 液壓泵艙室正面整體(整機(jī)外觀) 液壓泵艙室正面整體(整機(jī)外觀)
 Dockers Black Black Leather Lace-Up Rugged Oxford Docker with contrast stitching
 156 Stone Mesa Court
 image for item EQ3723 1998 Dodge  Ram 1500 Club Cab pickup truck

........

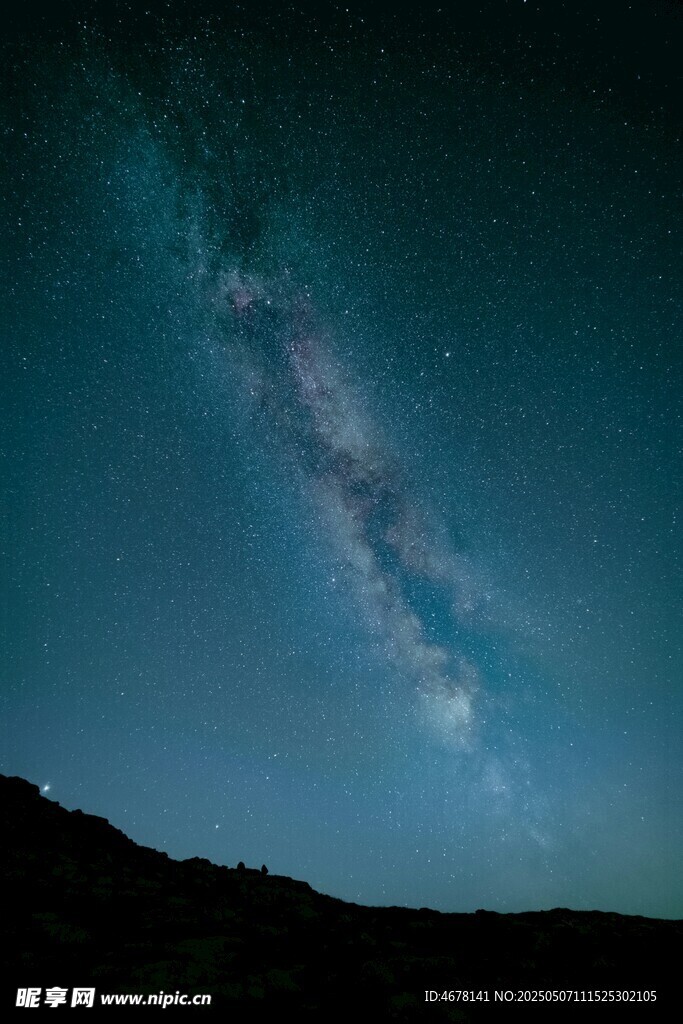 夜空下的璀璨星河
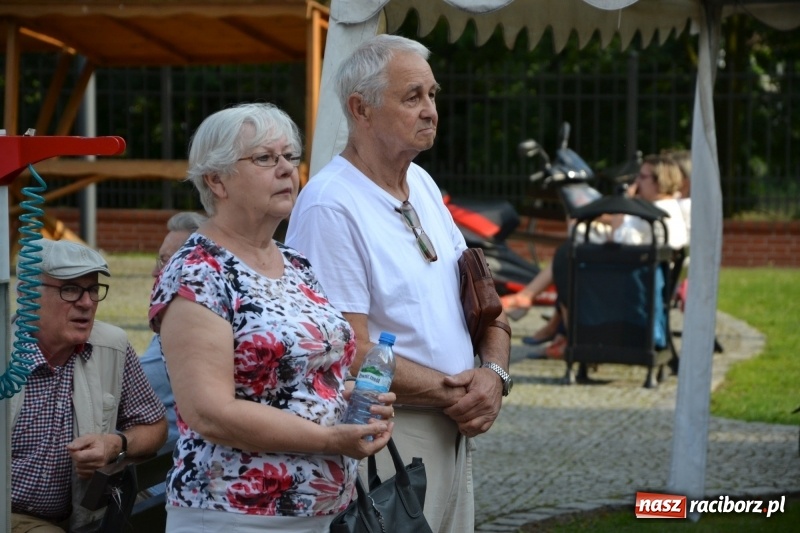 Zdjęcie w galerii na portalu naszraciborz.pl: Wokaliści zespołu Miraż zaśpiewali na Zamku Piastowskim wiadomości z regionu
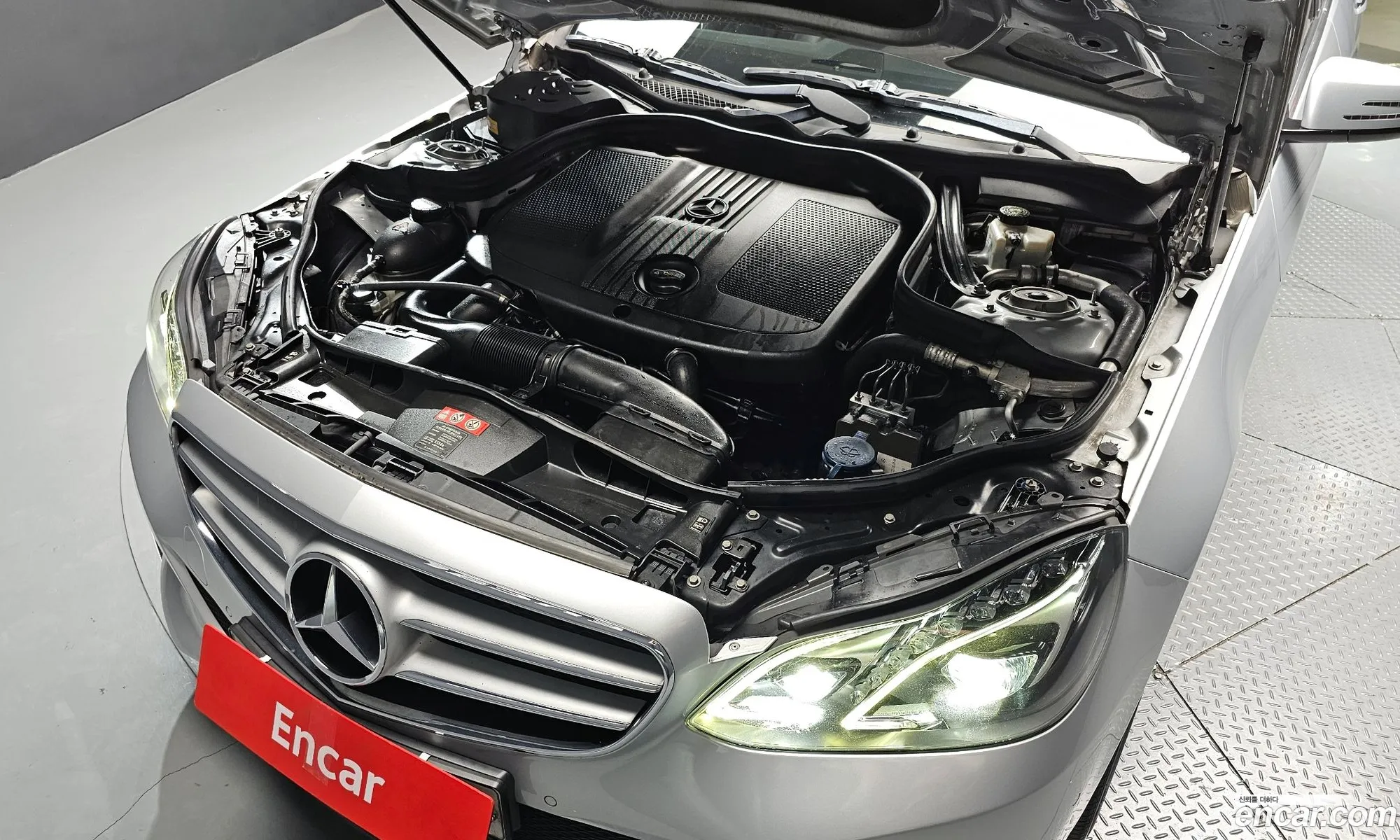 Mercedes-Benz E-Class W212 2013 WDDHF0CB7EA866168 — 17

........

_Prompt_. Going back to the entries above, set down exactly the lines that begin at the one with "Dockers Black Black" and end at the one with "image for item", both included, and nothing else.

_Answer to this exercise_.
 Dockers Black Black Leather Lace-Up Rugged Oxford Docker with contrast stitching
 156 Stone Mesa Court
 image for item EQ3723 1998 Dodge  Ram 1500 Club Cab pickup truck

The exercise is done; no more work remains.